START DATA SUPPLIED
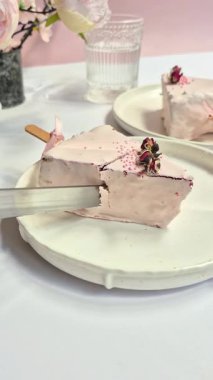 Masadaki beyaz tabakta çubuk üzerinde cheesecake. Cilalı cheesecake. Tatlı.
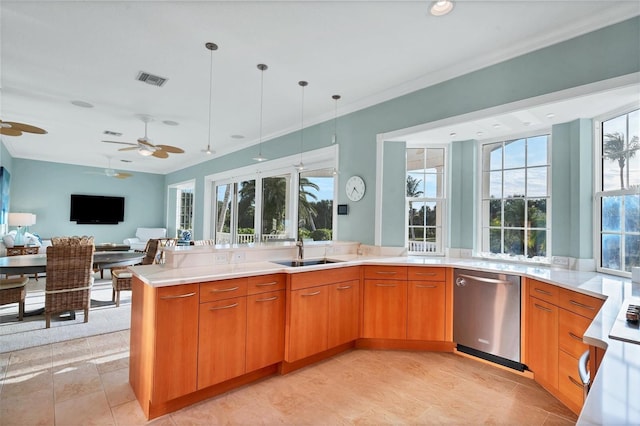 kitchen with pendant lighting, dishwasher, plenty of natural light, and sink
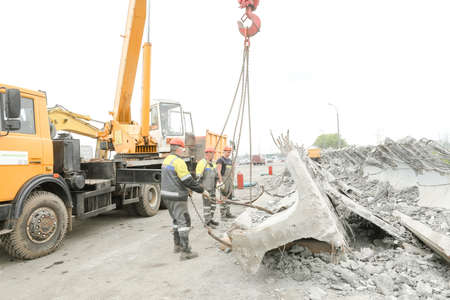 MINSK, BELARUS - 18 FEBRUARY, 2022: workers dismantle and repair the bridgeの写真素材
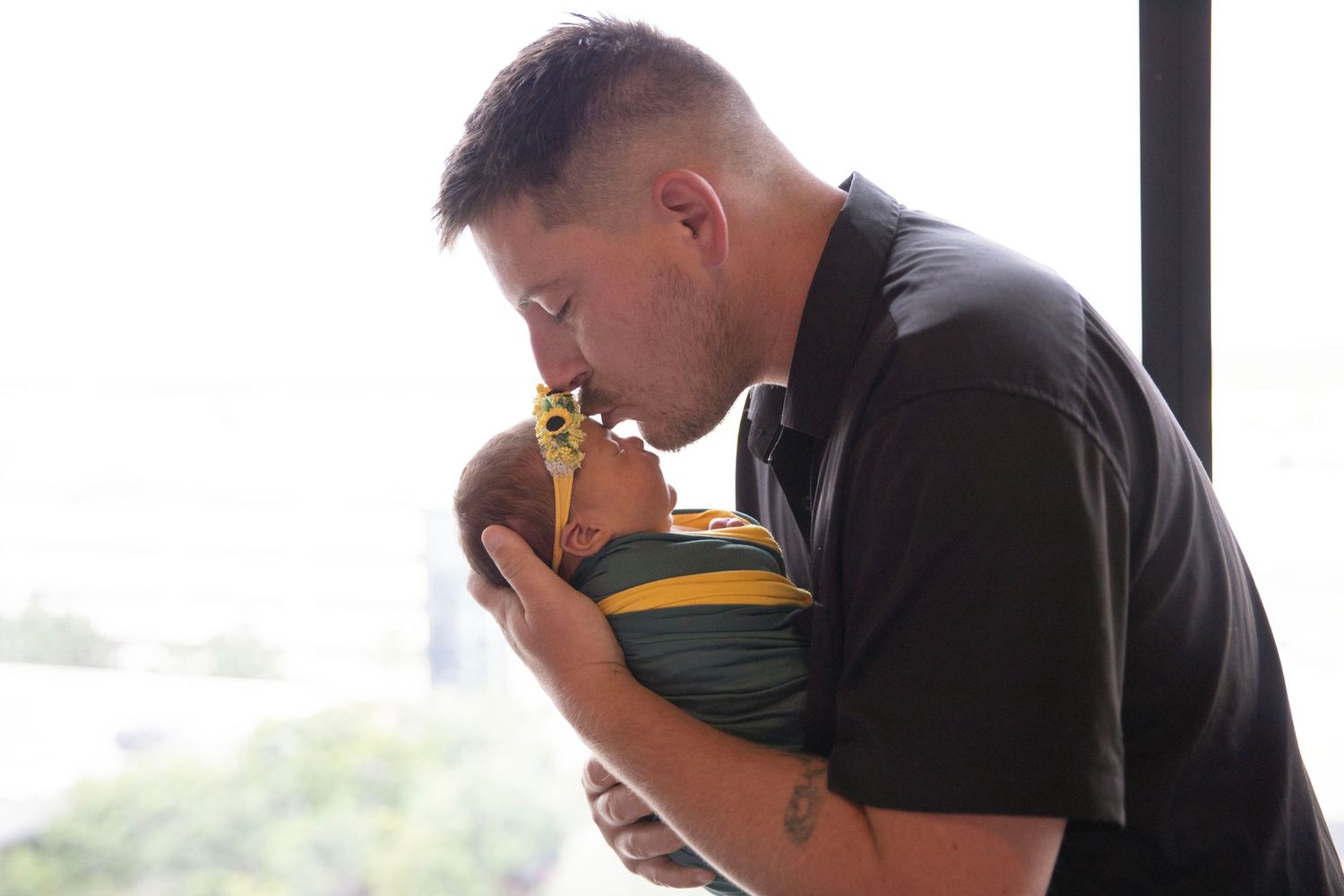 Father tenderly kissing his newborn baby while cradling the infant in his arms.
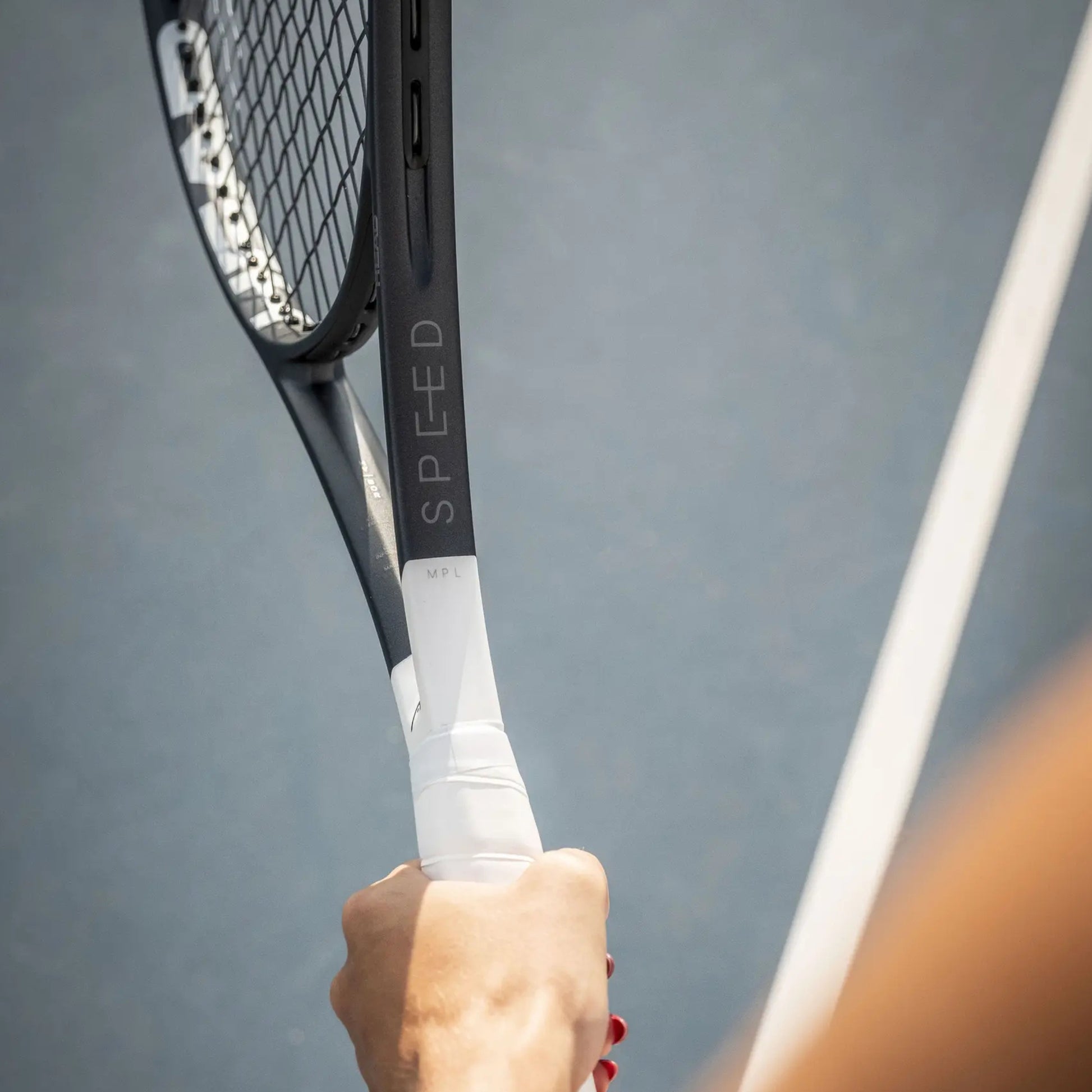 Tennis racket with 'SPEED' branding held by a person against a gray background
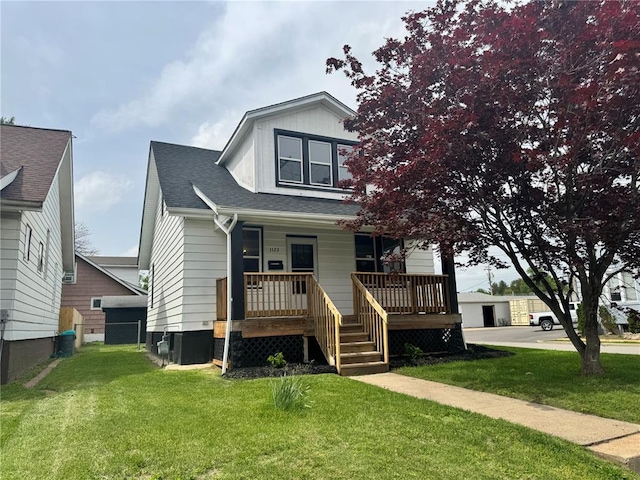 view of front of home with a porch, a front yard, and a shingled roof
END DATA SUPPLIED
# WORK TO BE COMPLETED
Leaving out the pictures, return exactly the lines from the one that contains "Tennis racket with" through the last line of the records above, inclusive.

# ANSWER BOX
 Tennis racket with 'SPEED' branding held by a person against a gray background
 view of front of home with a porch, a front yard, and a shingled roof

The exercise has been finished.